Und nun – im Himmel – kann sie von Angesicht zu Angesicht die verherrlichte Menschheit Jesu anbeten, ja den göttlichen Sohn, und zugleich bestaunt sie für die ganze Ewigkeit, dass all das Menschliche so sehr innigst mit Gott verbunden ist und bleibt.
Im Herrn Geliebte, was wir heute feiern ist auch, dass wir im Himmel eine Mutter haben, die nicht nur ununterbrochen für uns Fürbitte hält, sondern uns anbetend bewundert. Sie entdeckt in uns immer den eigenen Sohn, das Göttliche in uns, das Gute, das Positive, das Ausstrahlende, das Kostbare, das Ebenbild Gottes im Menschen. Wie sehr sollte uns diese Wirklichkeit bewegen!
Sie gibt uns auch ein Beispiel. Wenn wir heute diese geheimnisvolle Realität betrachten, fühlen wir uns angespornt, die Grösse, das Göttliche, das Positive, das Schöne und Edle in jedem Menschen zu entdecken und ja –, ich sage es so – knieend anzubeten?

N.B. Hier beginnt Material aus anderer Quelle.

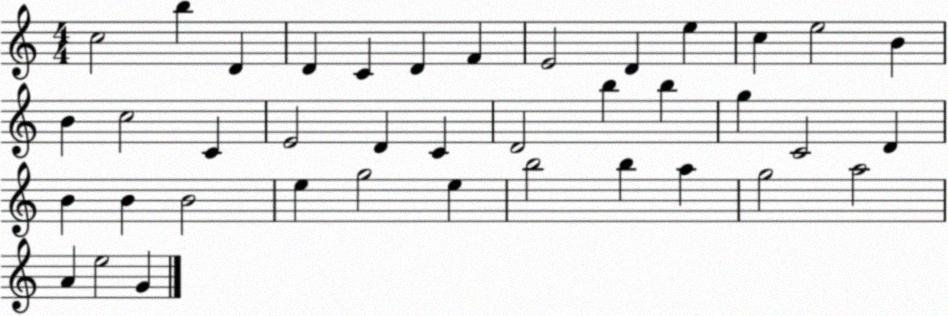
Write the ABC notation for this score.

X:1
T:Untitled
M:4/4
L:1/4
K:C
c2 b D D C D F E2 D e c e2 B B c2 C E2 D C D2 b b g C2 D B B B2 e g2 e b2 b a g2 a2 A e2 G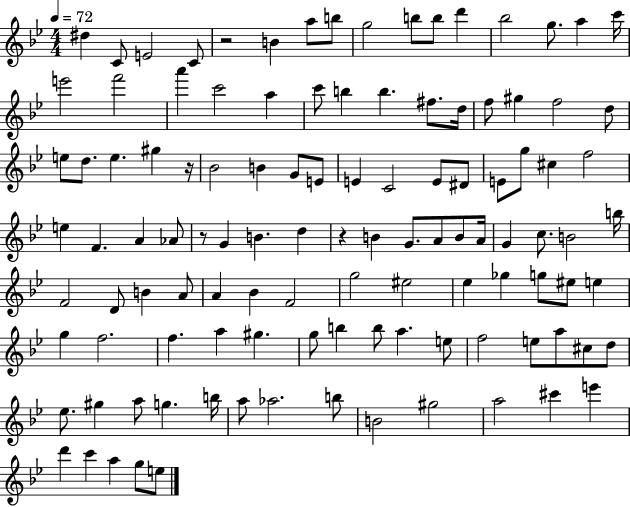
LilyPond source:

{
  \clef treble
  \numericTimeSignature
  \time 4/4
  \key bes \major
  \tempo 4 = 72
  dis''4 c'8 e'2 c'8 | r2 b'4 a''8 b''8 | g''2 b''8 b''8 d'''4 | bes''2 g''8. a''4 c'''16 | \break e'''2 f'''2 | a'''4 c'''2 a''4 | c'''8 b''4 b''4. fis''8. d''16 | f''8 gis''4 f''2 d''8 | \break e''8 d''8. e''4. gis''4 r16 | bes'2 b'4 g'8 e'8 | e'4 c'2 e'8 dis'8 | e'8 g''8 cis''4 f''2 | \break e''4 f'4. a'4 aes'8 | r8 g'4 b'4. d''4 | r4 b'4 g'8. a'8 b'8 a'16 | g'4 c''8. b'2 b''16 | \break f'2 d'8 b'4 a'8 | a'4 bes'4 f'2 | g''2 eis''2 | ees''4 ges''4 g''8 eis''8 e''4 | \break g''4 f''2. | f''4. a''4 gis''4. | g''8 b''4 b''8 a''4. e''8 | f''2 e''8 a''8 cis''8 d''8 | \break ees''8. gis''4 a''8 g''4. b''16 | a''8 aes''2. b''8 | b'2 gis''2 | a''2 cis'''4 e'''4 | \break d'''4 c'''4 a''4 g''8 e''8 | \bar "|."
}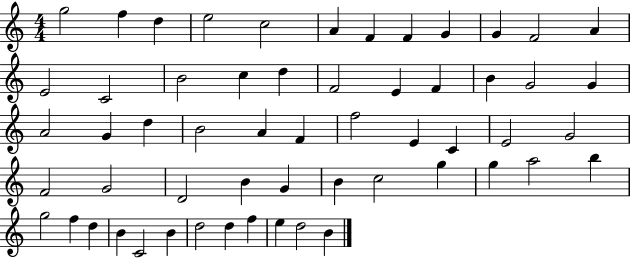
X:1
T:Untitled
M:4/4
L:1/4
K:C
g2 f d e2 c2 A F F G G F2 A E2 C2 B2 c d F2 E F B G2 G A2 G d B2 A F f2 E C E2 G2 F2 G2 D2 B G B c2 g g a2 b g2 f d B C2 B d2 d f e d2 B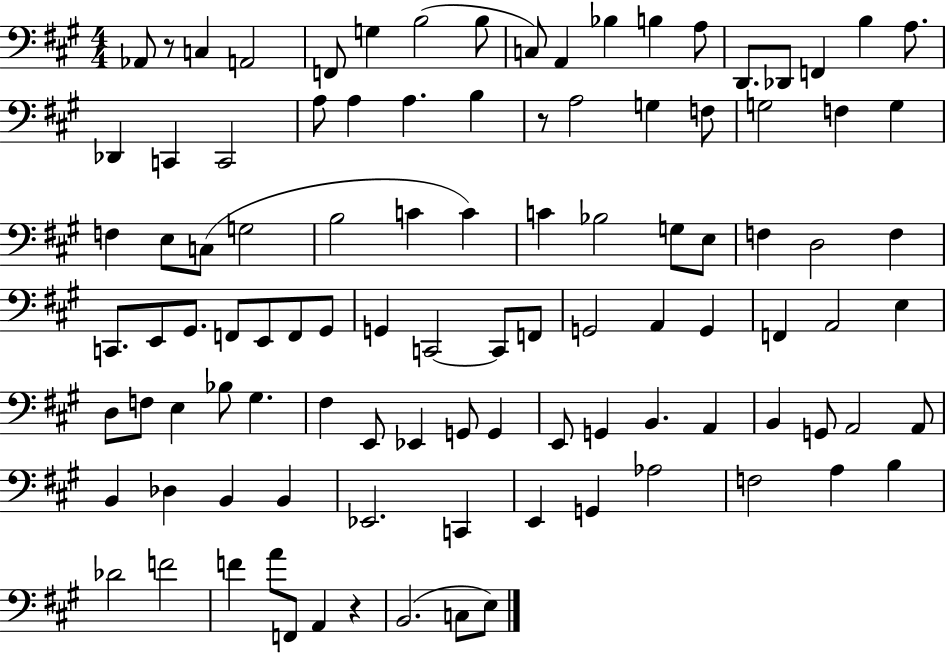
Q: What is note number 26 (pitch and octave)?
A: G3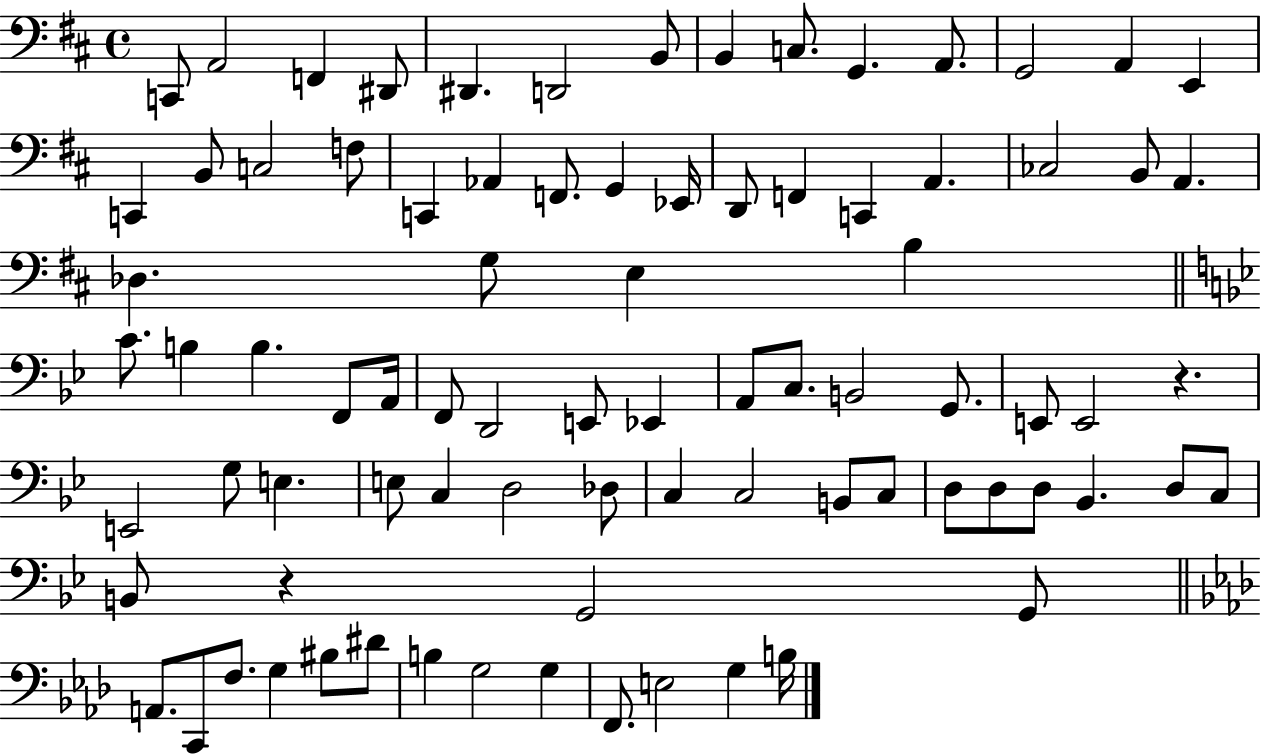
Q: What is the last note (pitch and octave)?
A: B3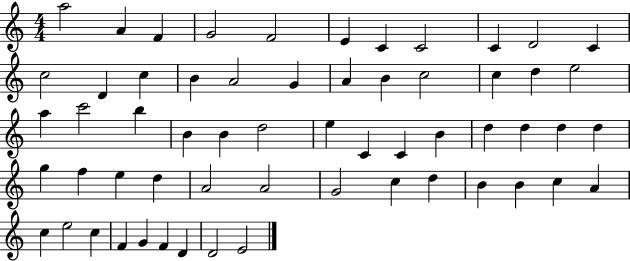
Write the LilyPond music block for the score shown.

{
  \clef treble
  \numericTimeSignature
  \time 4/4
  \key c \major
  a''2 a'4 f'4 | g'2 f'2 | e'4 c'4 c'2 | c'4 d'2 c'4 | \break c''2 d'4 c''4 | b'4 a'2 g'4 | a'4 b'4 c''2 | c''4 d''4 e''2 | \break a''4 c'''2 b''4 | b'4 b'4 d''2 | e''4 c'4 c'4 b'4 | d''4 d''4 d''4 d''4 | \break g''4 f''4 e''4 d''4 | a'2 a'2 | g'2 c''4 d''4 | b'4 b'4 c''4 a'4 | \break c''4 e''2 c''4 | f'4 g'4 f'4 d'4 | d'2 e'2 | \bar "|."
}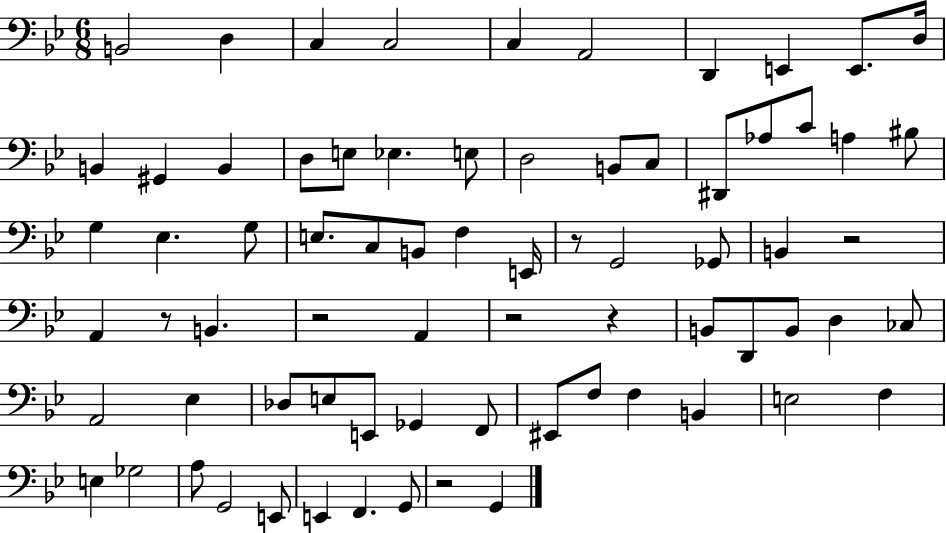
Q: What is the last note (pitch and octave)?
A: G2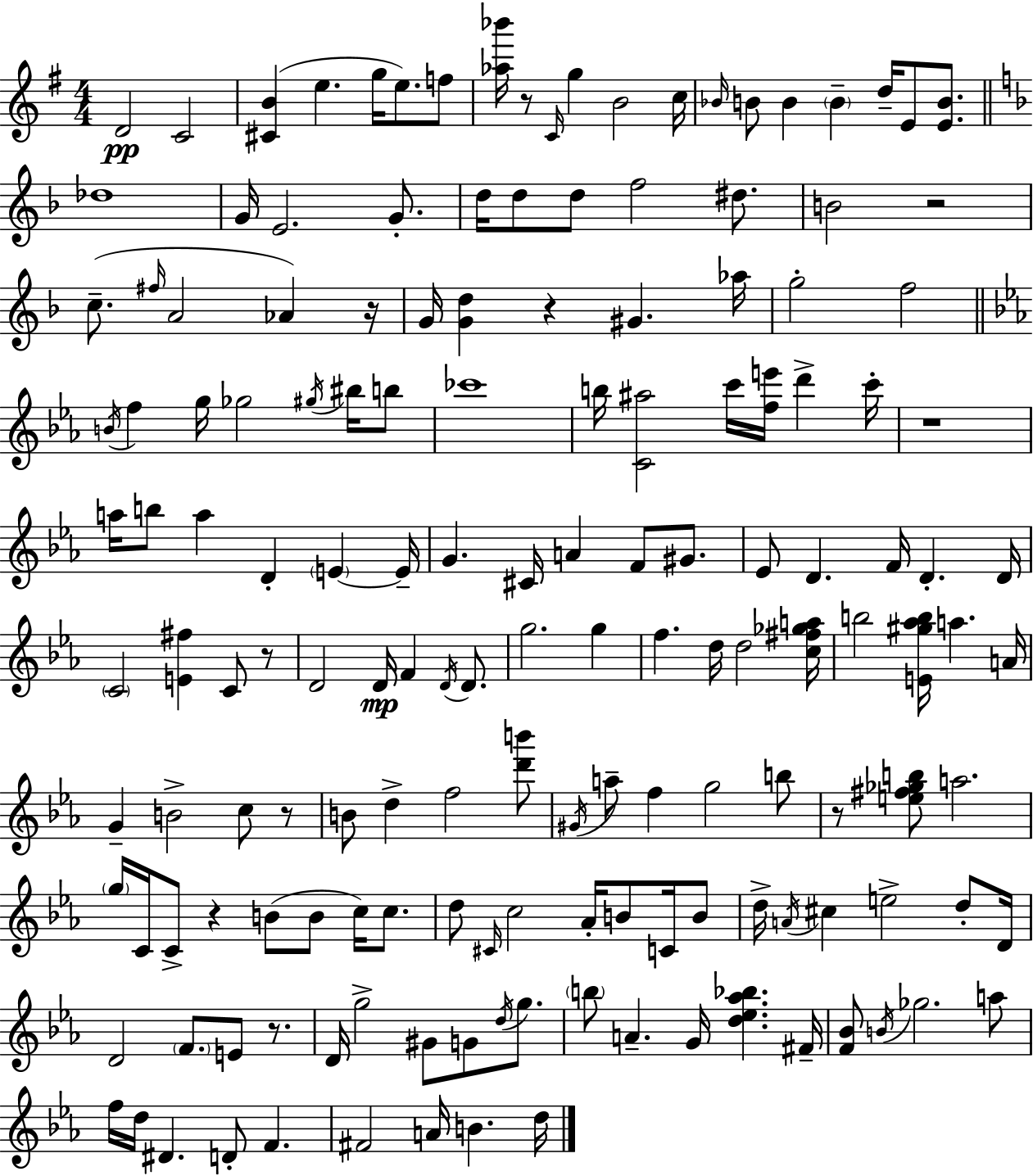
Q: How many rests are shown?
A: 10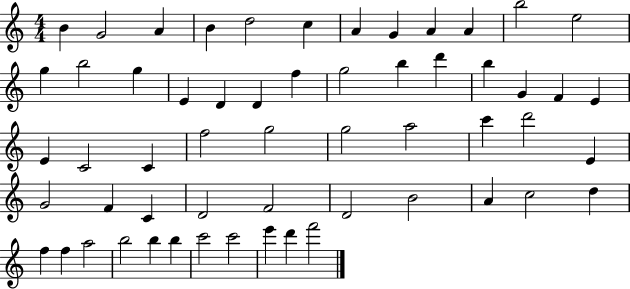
B4/q G4/h A4/q B4/q D5/h C5/q A4/q G4/q A4/q A4/q B5/h E5/h G5/q B5/h G5/q E4/q D4/q D4/q F5/q G5/h B5/q D6/q B5/q G4/q F4/q E4/q E4/q C4/h C4/q F5/h G5/h G5/h A5/h C6/q D6/h E4/q G4/h F4/q C4/q D4/h F4/h D4/h B4/h A4/q C5/h D5/q F5/q F5/q A5/h B5/h B5/q B5/q C6/h C6/h E6/q D6/q F6/h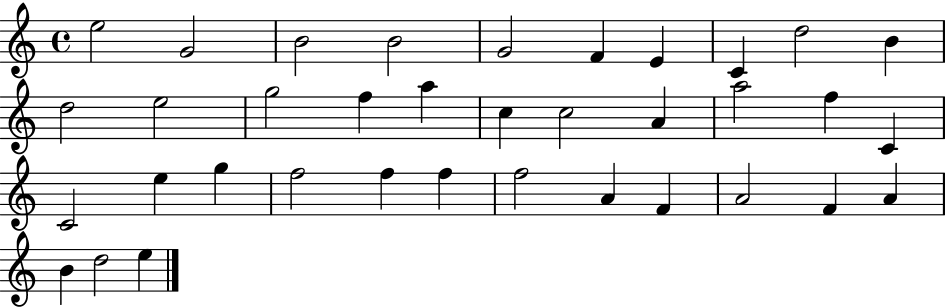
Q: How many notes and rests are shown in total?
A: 36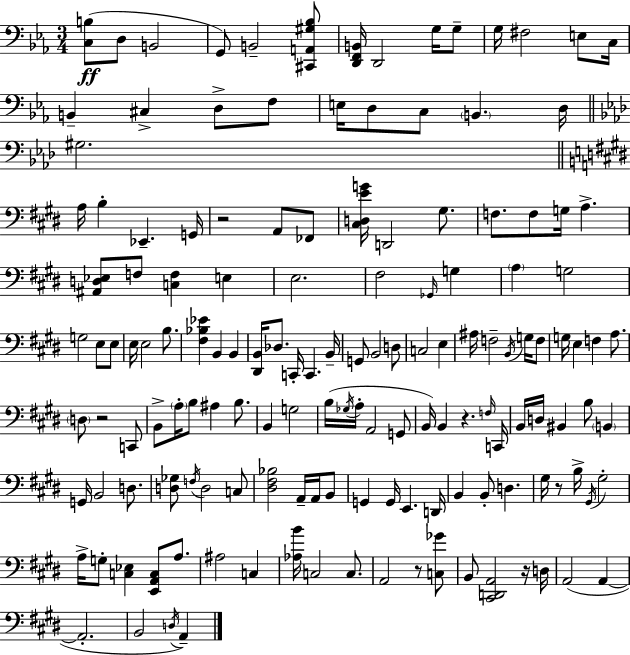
X:1
T:Untitled
M:3/4
L:1/4
K:Eb
[C,B,]/2 D,/2 B,,2 G,,/2 B,,2 [^C,,A,,^G,_B,]/2 [D,,F,,B,,]/4 D,,2 G,/4 G,/2 G,/4 ^F,2 E,/2 C,/4 B,, ^C, D,/2 F,/2 E,/4 D,/2 C,/2 B,, D,/4 ^G,2 A,/4 B, _E,, G,,/4 z2 A,,/2 _F,,/2 [^C,D,EG]/4 D,,2 ^G,/2 F,/2 F,/2 G,/4 A, [^A,,D,_E,]/2 F,/2 [C,F,] E, E,2 ^F,2 _G,,/4 G, A, G,2 G,2 E,/2 E,/2 E,/4 E,2 B,/2 [^F,_B,_E] B,, B,, [^D,,B,,]/4 _D,/2 C,,/4 C,, B,,/4 G,,/2 B,,2 D,/2 C,2 E, ^A,/4 F,2 B,,/4 G,/4 F,/2 G,/4 E, F, A,/2 D,/2 z2 C,,/2 B,,/2 A,/4 B,/2 ^A, B,/2 B,, G,2 B,/4 _G,/4 A,/4 A,,2 G,,/2 B,,/4 B,, z F,/4 C,,/4 B,,/4 D,/4 ^B,, B,/2 B,, G,,/4 B,,2 D,/2 [D,_G,]/2 F,/4 D,2 C,/2 [^D,^F,_B,]2 A,,/4 A,,/4 B,,/2 G,, G,,/4 E,, D,,/4 B,, B,,/2 D, ^G,/4 z/2 B,/4 ^G,,/4 ^G,2 A,/4 G,/2 [C,_E,] [E,,A,,C,]/2 A,/2 ^A,2 C, [_A,B]/4 C,2 C,/2 A,,2 z/2 [C,_G]/2 B,,/2 [^C,,D,,A,,]2 z/4 D,/4 A,,2 A,, A,,2 B,,2 D,/4 A,,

Wenn wir nicht imstande sind, die göttliche Gegenwart in jedem Menschen zu entdecken, können wir nicht sagen, dass wir Gott verherrlichen und dass er Mittelpunkt unserer Existenz ist. Mit Maria als guter Lehrerin werden wir diese Wissenschaft der Demut und zugleich Wissenschaft der echten Grösse immer besser lernen und immer mehr beherrschen. Amen.